■ WORK TO COMPLETE
Please output the lines from the one with "小熊维尼历险记 The Many" through the end of the data exactly as written, omitting all pictures.

■ INFORMATION SUPPLIED
______________________________
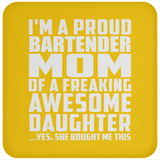 Proud Bartender Mom Of Awesome Daughter - Drink Coaster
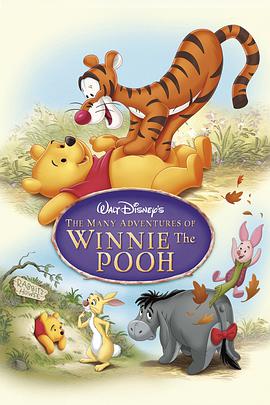 小熊维尼历险记 The Many Adventures of Winnie the Pooh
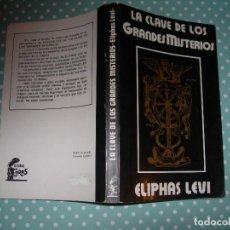 Libros de segunda mano: LA CLAVE DE LOS GRANDES MISTERIOS / ELIPHAS LEVI. Lote 312585133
______________________________
■ EXERCISE SOLUTION
 小熊维尼历险记 The Many Adventures of Winnie the Pooh
 Libros de segunda mano: LA CLAVE DE LOS GRANDES MISTERIOS / ELIPHAS LEVI. Lote 312585133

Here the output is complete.